Section 7 – Vacancies

           Except as otherwise provided herein, a vacancy in any office on the Board of Trustees shall be filled by the affirmative vote of a majority of the then members of the Board, though less than a quorum.

Section 8 – Executive Trustee

            The Board of Trustees shall appoint and employ an Executive Trustee who shall conduct the daily affairs of the Academy under the direction of the Board of Trustees.  The Executive Trustee shall be an ex officio voting member of the Board of Trustees.  The Executive Trustee, or his or her designee, shall attend all committee meetings of the Board of Trustees, subject to the authority of the committees to meet, as appropriate, in executive session.  

            Funds of the Academy shall be deposited and disbursed by the Executive Trustee under the supervision of the President-Elect Designate/Treasurer and the Board of Trustees.  The Executive Trustee shall be bonded and shall keep appropriate records, and prepare and file all necessary reports, returns and filings, and prepare an operating budget and financial statements.  

            The Board of Trustees may authorize reasonable compensation for the Executive Trustee.

 ARTICLE  VI – BOARD COMMITTEES

Section 1 – Executive Committee

             The Executive Committee shall be comprised of six (6) voting members.  The six (6) voting members shall be the President, who shall serve as its Chair, the first Vice-President, the Second Vice-President, the Executive Trustee, the Treasurer and the Secretary.  The officers shall be elected by the Board of Trustees at the Board meeting held at the time of the Annual Meeting.  

            The Executive Committee shall have the power and duty to conduct the affairs of the Academy and to exercise the powers of the Board of Trustees when the Board is not in session.  Notwithstanding the preceding sentence, the Executive Committee shall not have the authority to amend, alter, or repeal the Articles of Incorporation of these Bylaws; to amend or repeal any resolution previously adopted by the Board; to adopt a plan of merger or consolidation with another corporation; to authorize a sale, lease, exchange, mortgage, pledge or other disposition of the property or assets of the Academy other than in the ordinary course of business; to authorize the voluntary dissolution of the Academy; to revoke voluntary dissolution proceedings; to adopt a plan for the distribution of the assets of the Academy; to approve the appointment of the Executive Trustee of the Academy; or to adopt an annual budget for the Academy.  

            In addition, the Executive Committee shall not have the authority to take any action with respect to the election or removal of officers or the filling of vacancies on the Board of Trustees.  The designation of the Executive Committee shall not operate to relieve the Board of Trustees of any responsibility imposed by law.  

            The Executive Committee will meet in person or by telephone conference call a minimum of four (4) times a year (including any meetings in conjunction with full Board of Trustee meetings).  The Executive Trustee shall give Notice of the Meetings consistent with the Notice required for Board meetings.    

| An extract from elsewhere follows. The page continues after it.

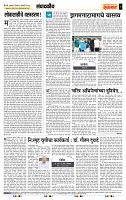 page- 4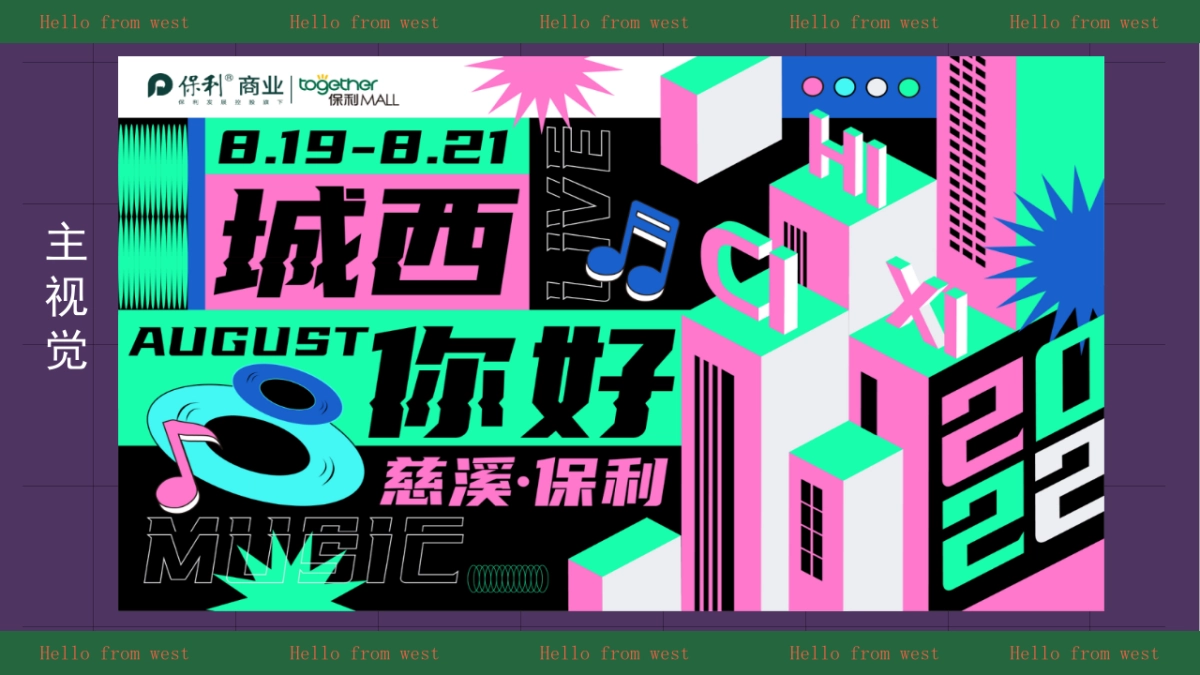 购物中心城市音乐节生活节活动_第7页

Section 2 – Special Committees

            Special Committees shall be appointed and discharged by the President from time to time as authorized by the Board of Trustees.  Unless specifically provided otherwise by resolution of the Board of Trustees, Special Committees shall be advisory to and shall report to the Executive Committee their recommendations for action.  All committees shall operate under the Committee Protocols as established by the Executive Committee.  There shall be a Membership Committee established such as Education, Quality Improvement, etc.    

Section 3 – Audit Committee

           The Audit Committee shall consist of three (3) members and shall be selected by the Board of Trustees at the same time as the officers are nominated, and only current members of the Academy who are not serving as officers may so be nominated to serve on the Audit Committee.  The President shall appoint a Chair.  The responsibilities of the Audit Committee shall include advising the Executive Committee and the Board regarding the review of the annual audit statement of the Academy, and such other responsibilities as are designated by the President and consistent with the objectives of the Academy.

 ARTICLE  VII – DUES

Section 1 – Membership Fees

            Membership fees shall be determined from time to time by the Board of Trustees.

Section 2 – Resignation  

            A member may resign at any time and no dues or fees paid shall be refunded.

             ARTICLE  VIII – SUSPENSION, EXPULSION 
AND TERMINATION 
   

            Any member whose conduct is detrimental to the best interest of the Academy, or who violates the Bylaws, or any rules, or regulations or policies established by the Board of Trustees, may be suspended or expelled by action of the Board of Trustees without any refund of dues after the member has been afforded the opportunity for a hearing before the Board of Trustees under procedures adopted by the Board of Trustees.

               ARTICLE  IX – AMENDMENTS

            Amendment of these Bylaws will require a super majority vote of sixty-six percent (66%) of the members of the Board of Trustees.  Written notice of any proposed amendment to these

Bylaws shall be given to the Board not less than fourteen (14) days prior to the vote on such amendment.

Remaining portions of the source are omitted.